Let $\mathcal{F} \subset C(X^n/S_n)$ denote the set of functions of the form (1). We will show that $\mathcal{F}$ is dense in $C(X^n/S_n)$ using Stone-Weierstrass.
Step 1: $\mathcal{F}$ contains all constant functions. We can see this by taking $\rho(x) = C$ for all $x \in \mathbb{R}^d$.
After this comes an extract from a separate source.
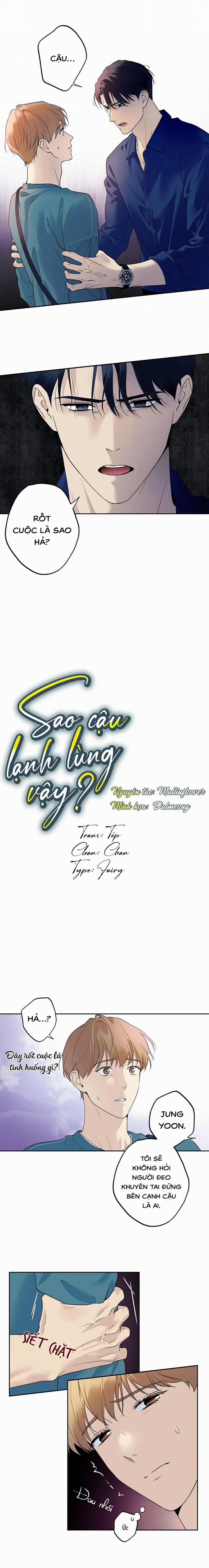 Sao Cậu Lại Luôn Tốt Với Tất Cả Mọi Người Thế? 33 trang 0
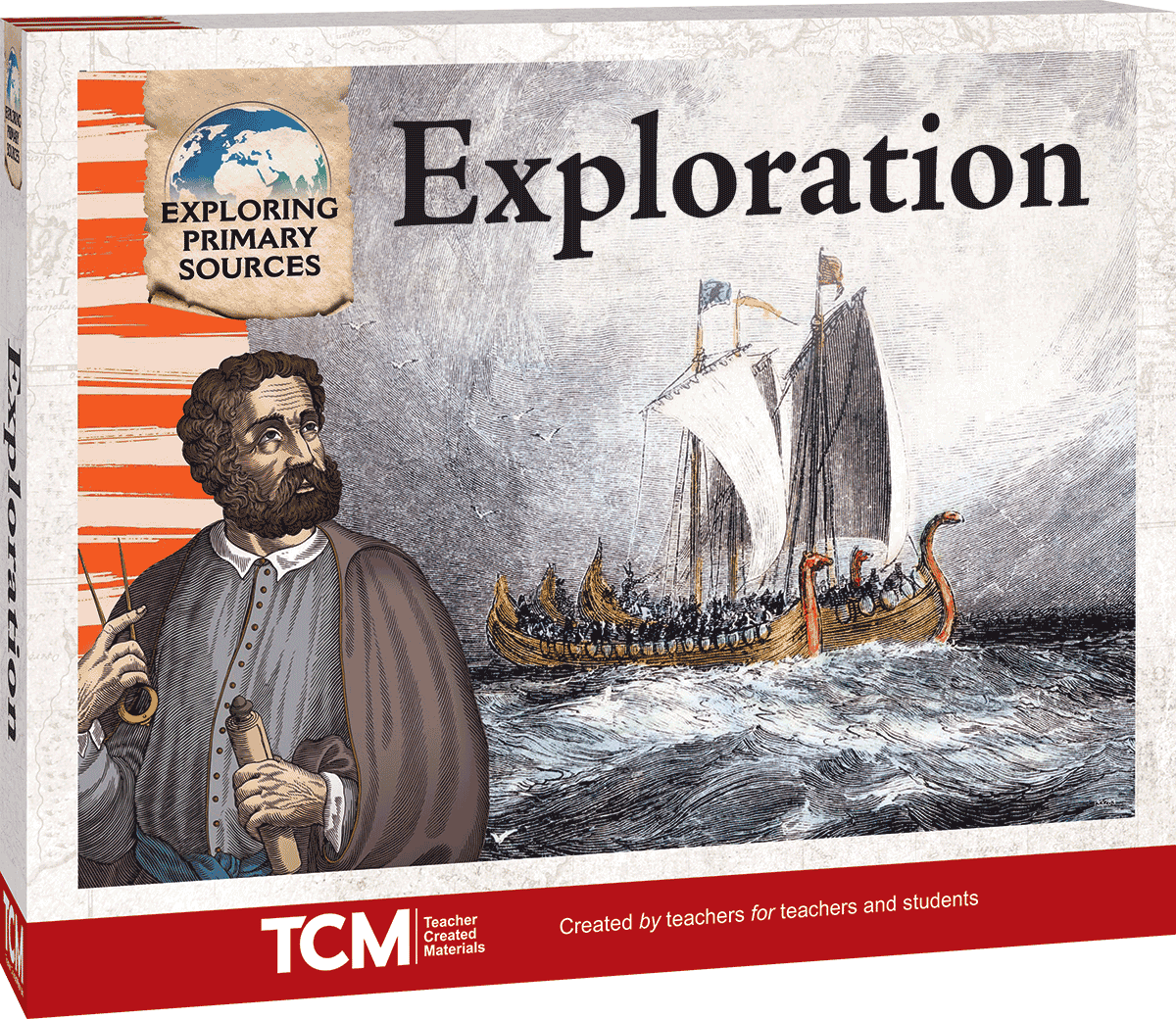 Exploring Primary Sources: Exploration, 2nd Edition Kit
Step 2: $\mathcal{F}$ is closed under addition. Let $f_1, f_2 \in \mathcal{F}$ be functions parameterized by $(d_1, \rho_1, \phi_1)$ and $(d_2, \rho_2, \phi_2)$ respectively. We define $\phi: X \to \mathbb{R}^{d_1 + d_2}$ by $\phi(x) = (\phi_1(x), \phi_2(x))$ and $\rho: \mathbb{R}^{d_1 + d_2} \to \mathbb{R}$ by $\rho(x) = \rho_1(x^{(1)}) + \rho_2(x^{(2)})$. Let $f$ be the function parameterized by $(d_1 + d_2, \rho, \phi)$. Then
\[\begin{aligned} f(x_1, \cdots, x_n) &= \rho\left(\sum_{i=1}^n \phi(x_i)\right)\\ &= \rho\left(\sum_{i=1}^n \phi_1(x_i), \sum_{i=1}^n \phi_2(x_i)\right)\\ &= \rho_1\left(\sum_{i=1}^n \phi_1(x_i)\right) + \rho_2\left(\sum_{i=1}^n \phi_2(x_i)\right)\\ &= f_1(x_1, \cdots, x_n) + f_2(x_1, \cdots, x_n). \end{aligned}\]So $f_1 + f_2 \in \mathcal{F}$.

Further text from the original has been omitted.